Important Safety Information
Warnings and Precautions:
Liver Test Abnormalities
Patients enrolled in a clinical trial had abnormal liver tests at baseline. In a clinical trial, treatment-emergent elevations of liver tests or worsening of liver tests relative to baseline values were observed during the clinical trial. Most abnormalities included elevation in AST, ALT, or total and direct bilirubin. Treatment interruption days ranged from 3 days to 124 days; none of the patients in the pivotal clinical trial permanently discontinued treatment due to liver test abnormalities.
Obtain baseline liver tests and monitor during treatment. Dose reduction or treatment interruption may be required if abnormalities occur. For persistent or recurrent liver test abnormalities, consider treatment discontinuation.
Bylvay was not evaluated in PFIC patients with cirrhosis. Closely monitor for liver test abnormalities; permanently discontinue Bylvay if a patient progresses to portal hypertension or experiences a hepatic decompensation event.
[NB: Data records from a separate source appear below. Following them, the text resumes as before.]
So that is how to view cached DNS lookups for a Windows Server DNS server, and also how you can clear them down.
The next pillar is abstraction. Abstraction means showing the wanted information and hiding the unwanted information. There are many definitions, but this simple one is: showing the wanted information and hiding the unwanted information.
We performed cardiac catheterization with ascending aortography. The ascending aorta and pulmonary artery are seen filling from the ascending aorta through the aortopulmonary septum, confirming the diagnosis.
In a clinical trial, diarrhea was reported in 2 (10%) placebo-treated patients, 9 (39%) Bylvay-treated 40 mcg/kg/day patients and 4 (21%) Bylvay-treated 120 mcg/kg/day patients. Treatment interruption due to diarrhea, occurred in 2 patients with 3 events during treatment with Bylvay 120 mcg/kg/day. Treatment interruption due to diarrhea ranged between 3 to 7 days. One patient treated with Bylvay 120 mcg/kg/day withdrew from the pivotal clinical trial due to persistent diarrhea.
If diarrhea occurs, monitor for dehydration and treat promptly. Interrupt Bylvay dosing if a patient experiences persistent diarrhea. Restart Bylvay at 40 mcg/kg/day when diarrhea resolves, and increase the dose as tolerated if appropriate. If diarrhea persists and no alternate etiology is identified, stop Bylvay treatment.
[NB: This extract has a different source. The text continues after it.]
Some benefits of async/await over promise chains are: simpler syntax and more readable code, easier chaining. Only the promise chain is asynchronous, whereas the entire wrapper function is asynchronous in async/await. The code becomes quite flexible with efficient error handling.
Fat-Soluble Vitamin (FSV) Deficiency
Fat-soluble vitamins (FSV) include vitamin A, D, E, and K (measured using INR levels). PFIC patients can have FSV deficiency at baseline. Bylvay may affect absorption of fat-soluble vitamins. In a clinical trial, new onset or worsening of existing FSV deficiency was reported in 1 (5%) placebo-treated patient, and 3 (16%) Bylvay-treated 120 mcg/kg/day patients; none of the Bylvay-treated 40 mcg/kg/day patients had new onset or worsening of existing FSV deficiency.
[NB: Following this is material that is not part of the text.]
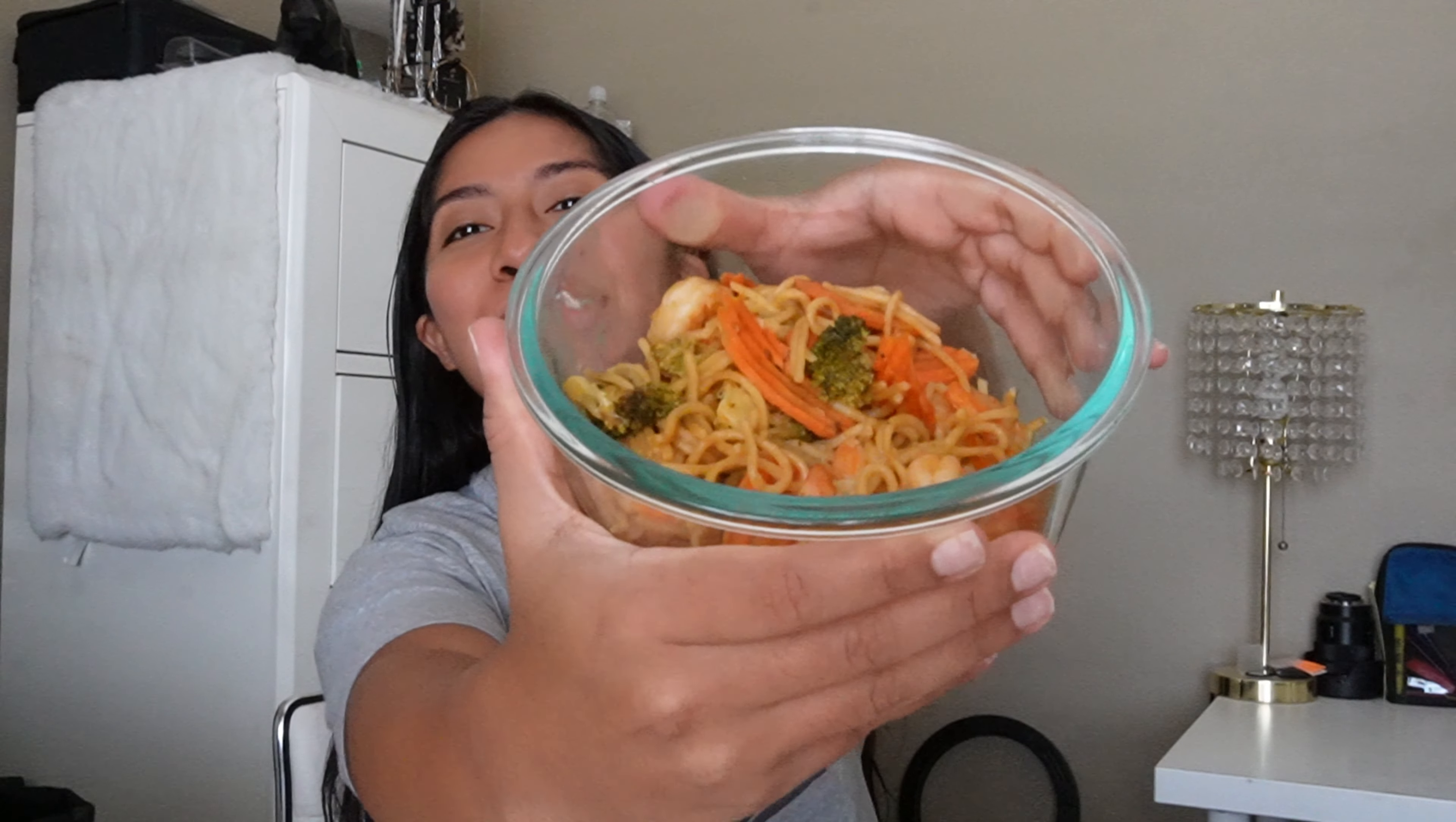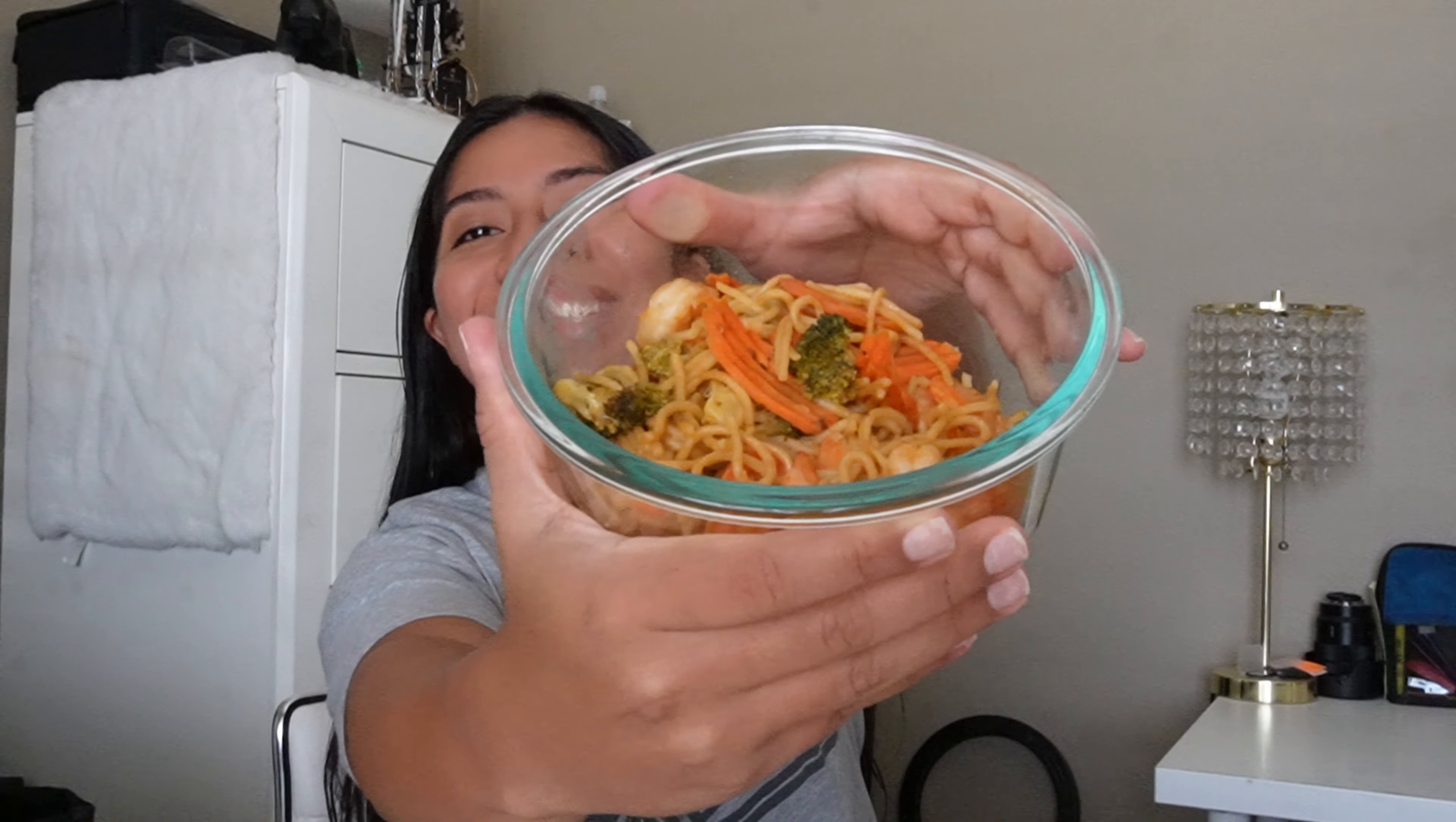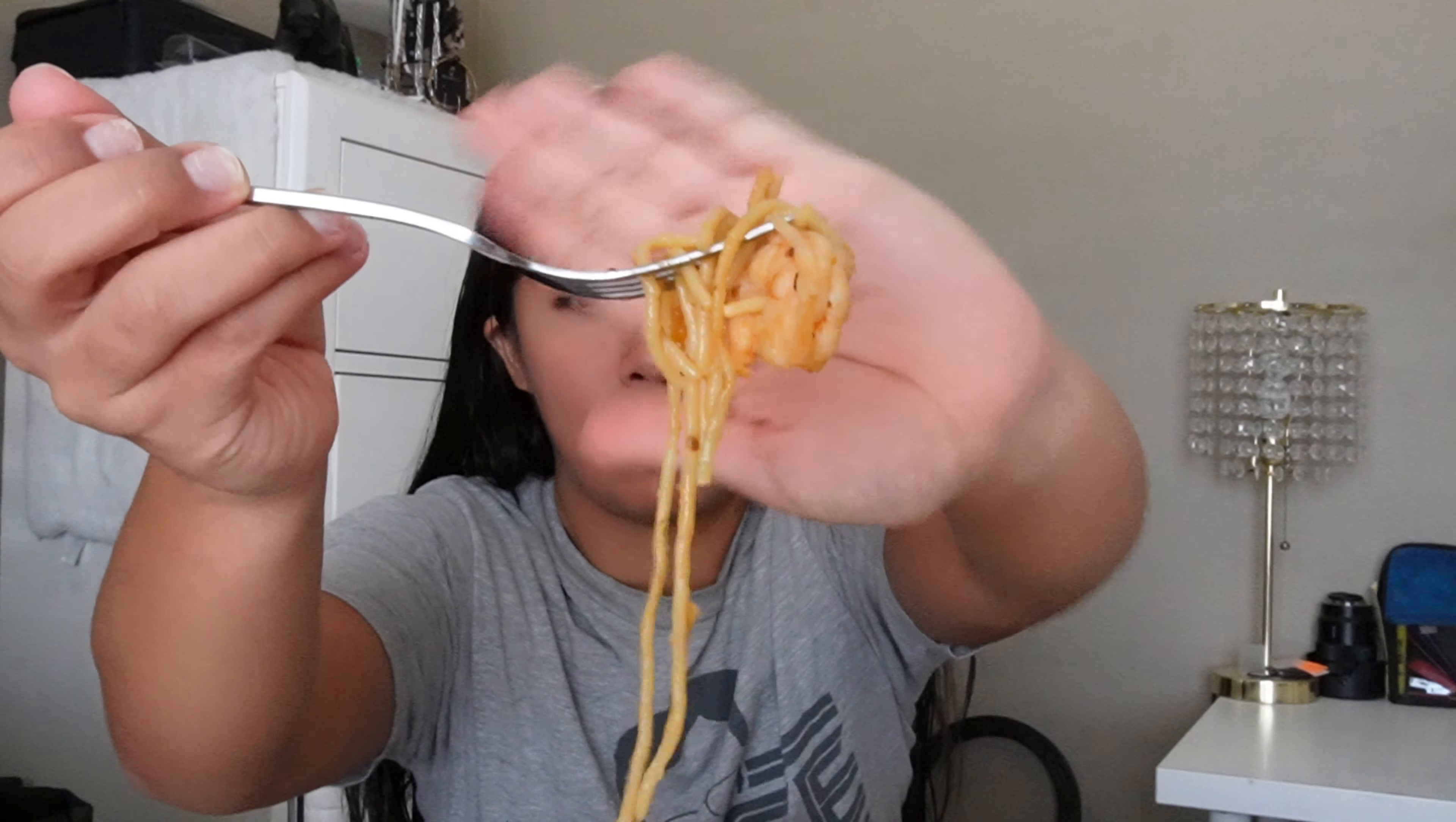While I'm telling you guys this story, I'm having my teriyaki shrimp noodles. Do you see it? Oh, it fell on my bed. Oh my gosh. I've actually posted this recipe before on my YouTube channel, so you just have to scroll down to like one of the first few videos that I made and it's on there.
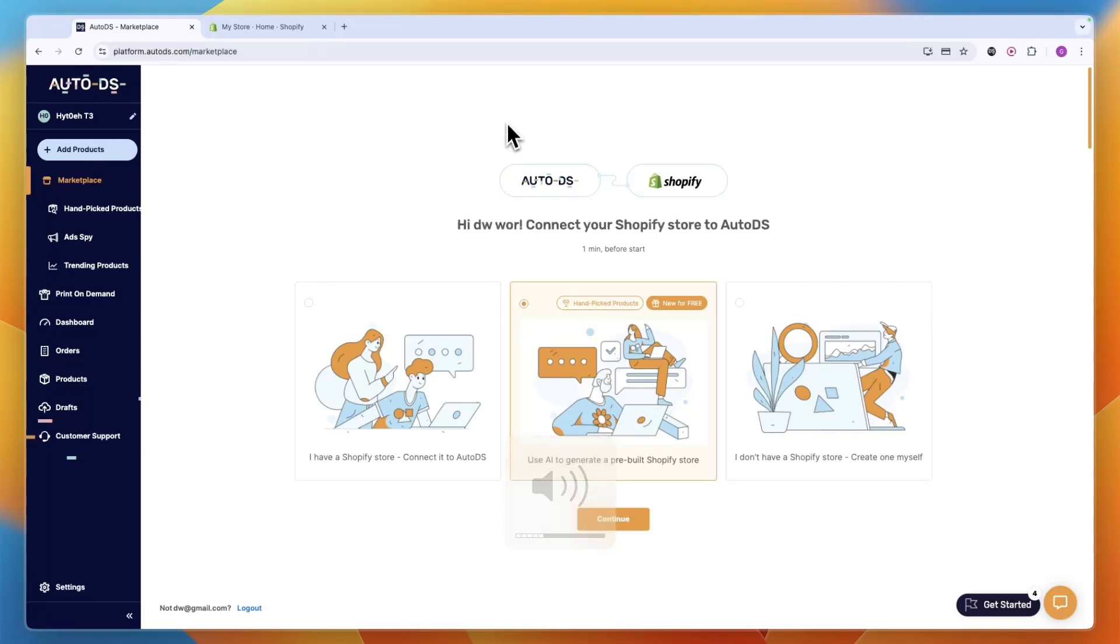In this video I will show you how to cancel your Auto DS subscription. Whether you are still in your trial or you have a paying subscription, here's how to cancel it. Just go to settings in the bottom left from within your account.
Obtain serum FSV levels at baseline and monitor during treatment, along with any clinical manifestations. If FSV deficiency is diagnosed, supplement with FSV. Discontinue Bylvay if FSV deficiency persists or worsens despite adequate FSV supplementation.
The most common adverse reactions for Bylvay are diarrhea, liver test abnormalities, vomiting, abdominal pain, and fat-soluble vitamin deficiency.
For patients taking bile acid binding resins, take Bylvay at least 4 hours before or 4 hours after taking a bile acid binding resin.
Use in Specific Populations
There are no human data on Bylvay use in pregnant persons to establish a drug-associated risk of major birth defects, miscarriage, or adverse developmental outcomes. Based on findings from animal reproduction studies, Bylvay may cause cardiac malformations when a fetus is exposed during pregnancy.